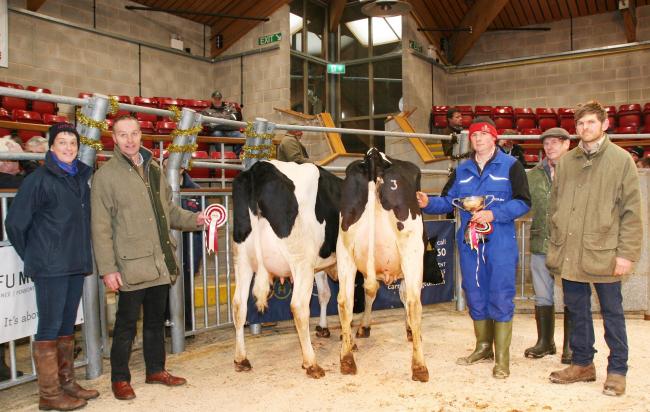 Christmas Craven Dairy Auction: from left, Helen Whittaker, of sponsors NMR, reserve champion Miles Stapleton, Andrew and Richard Walker, who consigned the champion, and judge Kev Midgley, who bought it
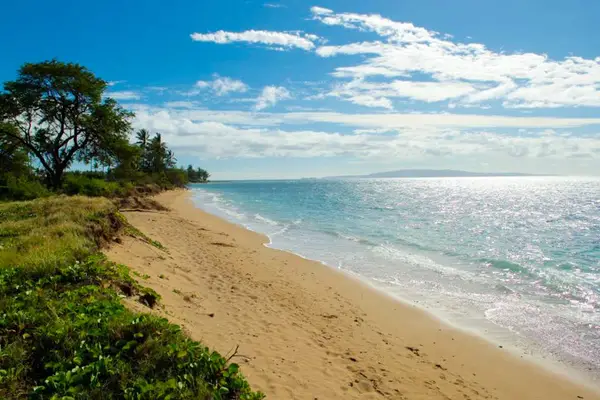 Take in peaceful ocean views along the sandy beach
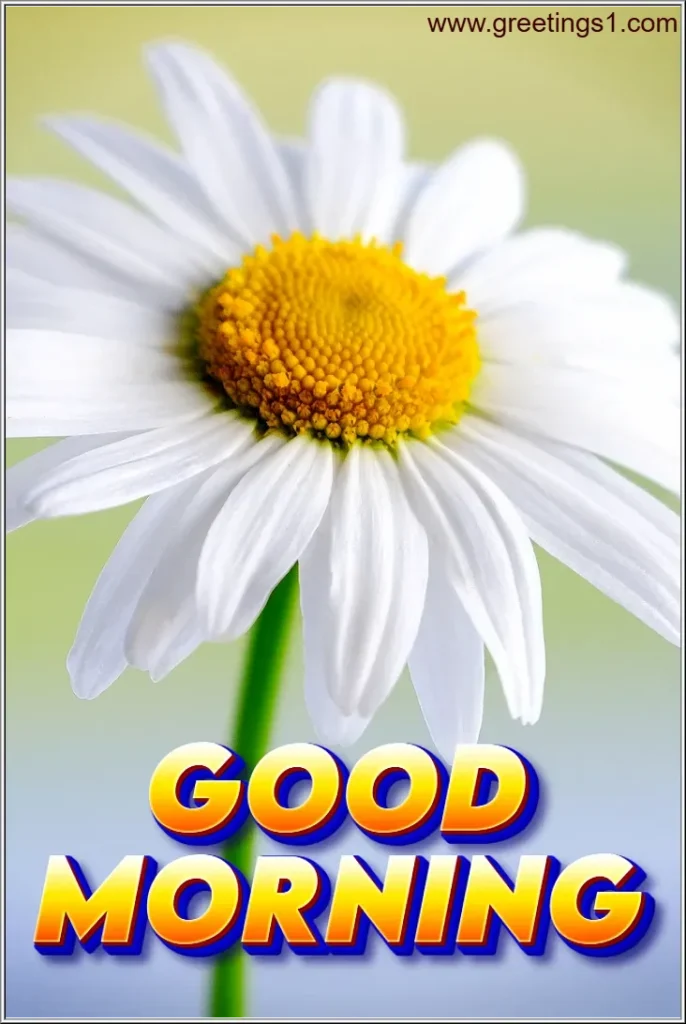 A beautiful good morning images with white flowers to share.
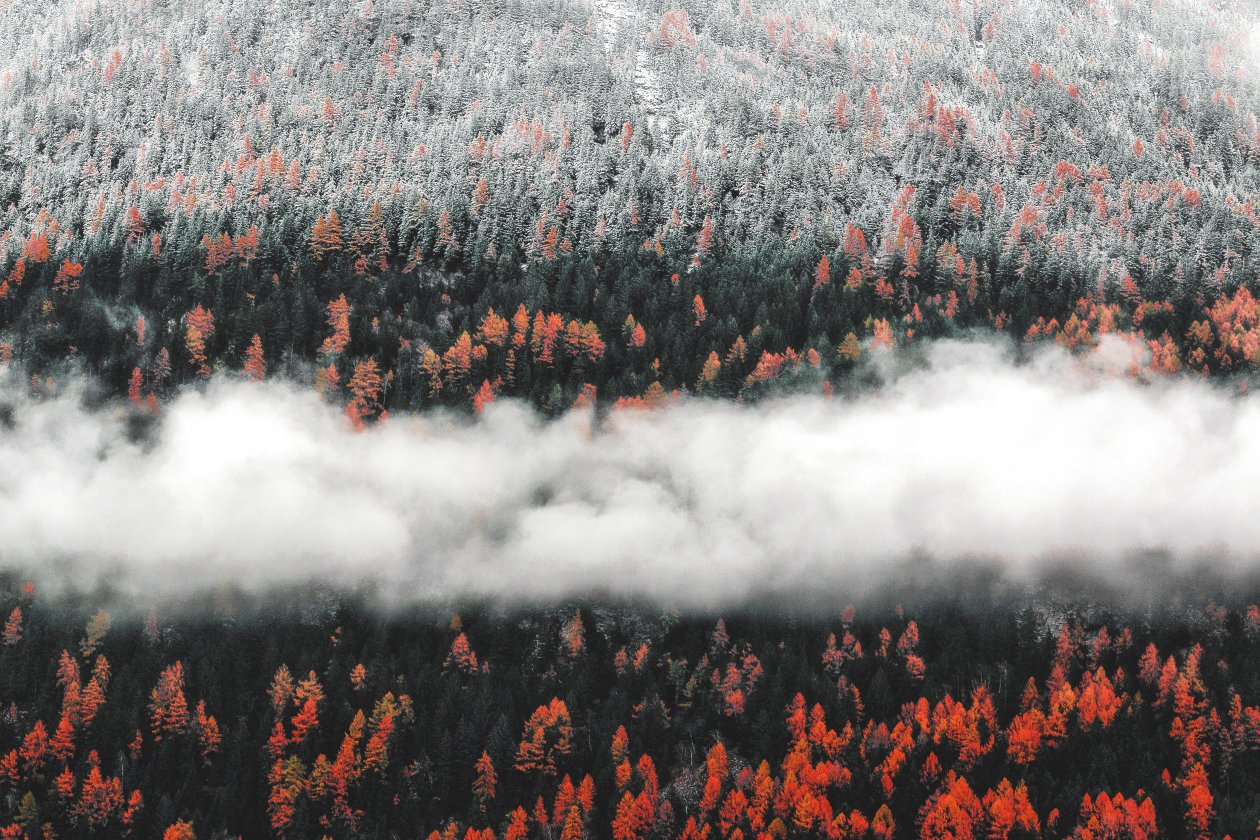Orange Tress Autumn Forest Landscape Mist Scenic Nature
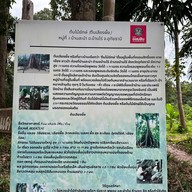 ต้นไม้ยักษ์ 400 ปี บ้านสะนำ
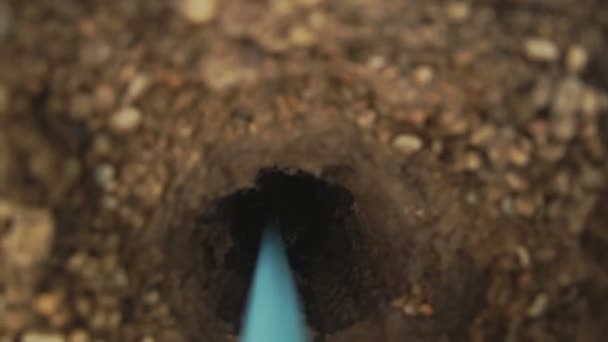 Giardiniere professionista scava buca — Video Stock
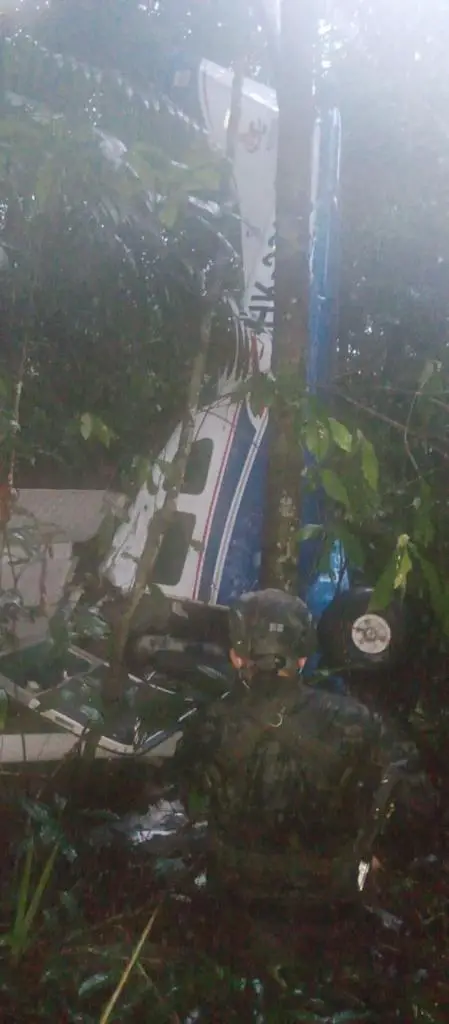 飛機墜毀意外 成年人全罹難 4 孩童奇蹟生還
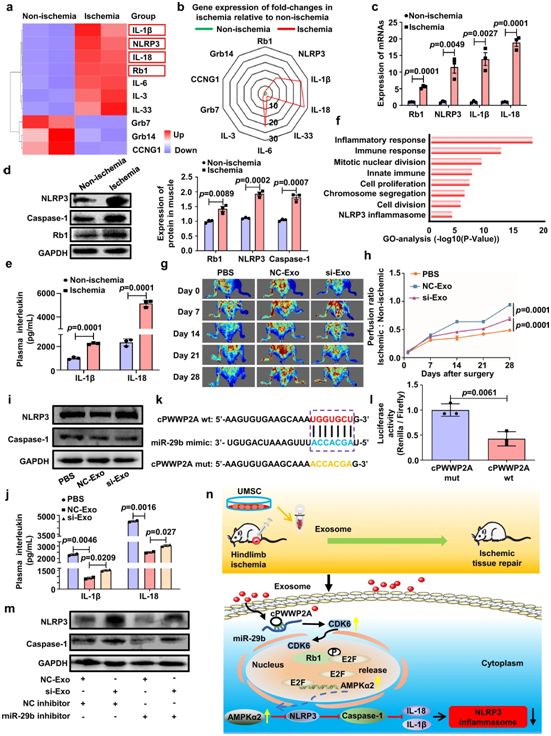 Nature子刊：我国科学家揭示干细胞衍生性外泌体修复缺血性肌肉损伤机制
--
▶ [Task instructions]:
Exact copy, pictures excluded: restate every record above word for word.

▶ [Answer for this exercise]:
 Christmas Craven Dairy Auction: from left, Helen Whittaker, of sponsors NMR, reserve champion Miles Stapleton, Andrew and Richard Walker, who consigned the champion, and judge Kev Midgley, who bought it
 Take in peaceful ocean views along the sandy beach
 A beautiful good morning images with white flowers to share.
Orange Tress Autumn Forest Landscape Mist Scenic Nature
 ต้นไม้ยักษ์ 400 ปี บ้านสะนำ
 Giardiniere professionista scava buca — Video Stock
 飛機墜毀意外 成年人全罹難 4 孩童奇蹟生還
 Nature子刊：我国科学家揭示干细胞衍生性外泌体修复缺血性肌肉损伤机制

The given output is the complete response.